Thursday, April 05, 2007

Global Warming

A lot of people are solidly convinced not just that global warming is happening, but that human emission of carbon dioxide is one of the main causes, which means that the only way we can reduce or slow global warming is to take significant action to limit carbon emissions.

There is an abundance of scientific evidence for this view, and most of certainly seems convincing. But here's one thing that bothers me. A post at Stubborn Facts points to this graph, from an EPA website:


Figure 1: Fluctuations in temperature (blue) and in the atmospheric concentration of carbon dioxide (red) over the past 400,000 years as inferred from Antarctic ice-core records. The vertical red bar is the increase in atmospheric carbon dioxide levels over the past two centuries and before 2006.

As you can see if you look closely, there are several places where the lines don't exactly match up. So I did a bit more digging. Turns out that there are several scholarly articles finding that CO2 usually lags temperature changes.
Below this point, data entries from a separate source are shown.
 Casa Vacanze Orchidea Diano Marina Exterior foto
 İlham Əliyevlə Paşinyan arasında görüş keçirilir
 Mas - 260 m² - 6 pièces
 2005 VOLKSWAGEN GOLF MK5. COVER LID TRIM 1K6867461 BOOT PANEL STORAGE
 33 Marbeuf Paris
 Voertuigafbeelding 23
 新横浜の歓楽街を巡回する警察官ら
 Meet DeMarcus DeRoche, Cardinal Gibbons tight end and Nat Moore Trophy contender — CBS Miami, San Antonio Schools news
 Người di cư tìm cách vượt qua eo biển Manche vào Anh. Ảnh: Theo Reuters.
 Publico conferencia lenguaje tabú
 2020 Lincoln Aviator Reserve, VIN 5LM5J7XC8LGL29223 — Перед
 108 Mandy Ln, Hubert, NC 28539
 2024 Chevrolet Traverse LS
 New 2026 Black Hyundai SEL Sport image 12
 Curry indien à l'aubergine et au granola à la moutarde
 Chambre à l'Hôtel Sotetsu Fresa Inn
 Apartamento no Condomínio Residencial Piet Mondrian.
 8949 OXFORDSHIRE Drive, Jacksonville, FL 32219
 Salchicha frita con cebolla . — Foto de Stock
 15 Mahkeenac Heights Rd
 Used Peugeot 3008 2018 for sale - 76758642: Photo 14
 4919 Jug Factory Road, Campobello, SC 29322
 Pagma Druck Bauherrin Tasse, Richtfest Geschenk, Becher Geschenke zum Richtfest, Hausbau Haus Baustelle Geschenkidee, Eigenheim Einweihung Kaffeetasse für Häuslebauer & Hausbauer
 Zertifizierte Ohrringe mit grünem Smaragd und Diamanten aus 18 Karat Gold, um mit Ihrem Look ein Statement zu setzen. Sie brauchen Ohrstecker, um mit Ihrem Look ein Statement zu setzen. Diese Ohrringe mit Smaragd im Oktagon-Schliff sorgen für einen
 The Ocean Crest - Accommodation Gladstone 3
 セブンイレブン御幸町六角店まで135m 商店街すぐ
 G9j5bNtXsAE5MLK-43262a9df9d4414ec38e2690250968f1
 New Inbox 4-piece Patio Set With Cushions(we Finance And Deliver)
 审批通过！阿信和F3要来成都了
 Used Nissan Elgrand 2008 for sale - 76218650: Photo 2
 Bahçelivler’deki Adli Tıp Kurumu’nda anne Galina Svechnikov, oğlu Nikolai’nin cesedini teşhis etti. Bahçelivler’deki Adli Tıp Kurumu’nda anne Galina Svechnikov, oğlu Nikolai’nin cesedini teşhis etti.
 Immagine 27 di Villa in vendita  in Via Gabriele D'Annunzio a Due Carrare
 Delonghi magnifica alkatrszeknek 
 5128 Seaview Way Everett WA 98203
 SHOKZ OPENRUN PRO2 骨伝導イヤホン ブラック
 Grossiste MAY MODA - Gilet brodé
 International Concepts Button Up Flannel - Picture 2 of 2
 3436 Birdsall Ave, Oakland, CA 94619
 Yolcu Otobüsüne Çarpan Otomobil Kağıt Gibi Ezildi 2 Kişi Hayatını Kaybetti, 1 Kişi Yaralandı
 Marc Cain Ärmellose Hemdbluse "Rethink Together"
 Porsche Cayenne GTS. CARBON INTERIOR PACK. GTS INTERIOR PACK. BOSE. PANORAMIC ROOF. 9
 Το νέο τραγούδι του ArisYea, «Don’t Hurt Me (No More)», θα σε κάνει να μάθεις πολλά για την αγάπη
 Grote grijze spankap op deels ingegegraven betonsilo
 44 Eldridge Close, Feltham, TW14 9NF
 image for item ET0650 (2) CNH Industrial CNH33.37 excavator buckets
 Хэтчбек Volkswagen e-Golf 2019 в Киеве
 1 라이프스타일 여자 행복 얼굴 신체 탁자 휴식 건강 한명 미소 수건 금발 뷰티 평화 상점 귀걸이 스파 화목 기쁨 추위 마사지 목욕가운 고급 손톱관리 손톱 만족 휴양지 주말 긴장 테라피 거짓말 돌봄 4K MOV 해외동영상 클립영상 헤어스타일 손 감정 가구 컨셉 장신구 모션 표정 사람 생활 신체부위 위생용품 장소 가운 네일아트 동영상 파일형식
One such paper is Manfred Mudelsee, "The phase relations among atmospheric CO2 content, temperature and global ice volume over the past 420 ka," Quaternary Science Reviews 20 (2001): 583-589. His finding is that over the past 420,000 years -- according to the Vostok ice core -- "CO2 variations lag behind atmospheric temperature changes in the Southern Hemisphere by 1.3 [plus or minus] 1.0 ka." ("Ka" means a thousand years.) So, temperature goes up, and CO2 goes up 300 to 2300 years later. Temperature starts to go down, and CO2 goes down 300 to 2300 years later.

Then, in another paper, several scientists found that "high-resolution records from Antarctic ice cores show that carbon dioxide concentrations increased by 80 to 100 parts per million by volume 600 +/- 400 years after the warming of the last three deglaciations. Despite strongly decreasing temperatures, high carbon dioxide concentrations can be sustained for thousands of years during glaciations; the size of this phase lag is probably connected to the duration of the preceding warm period, which controls the change in land ice coverage and the buildup of the terrestrial biosphere." H. Fischer, M. Wahlen, J. Smith, D. Mastroianni, and B. Deck, "Ice core records of atmospheric CO2 around the last three glacial terminations," Science, Mar. 12, 1999, vol. 283, no. 5408: 1712-4.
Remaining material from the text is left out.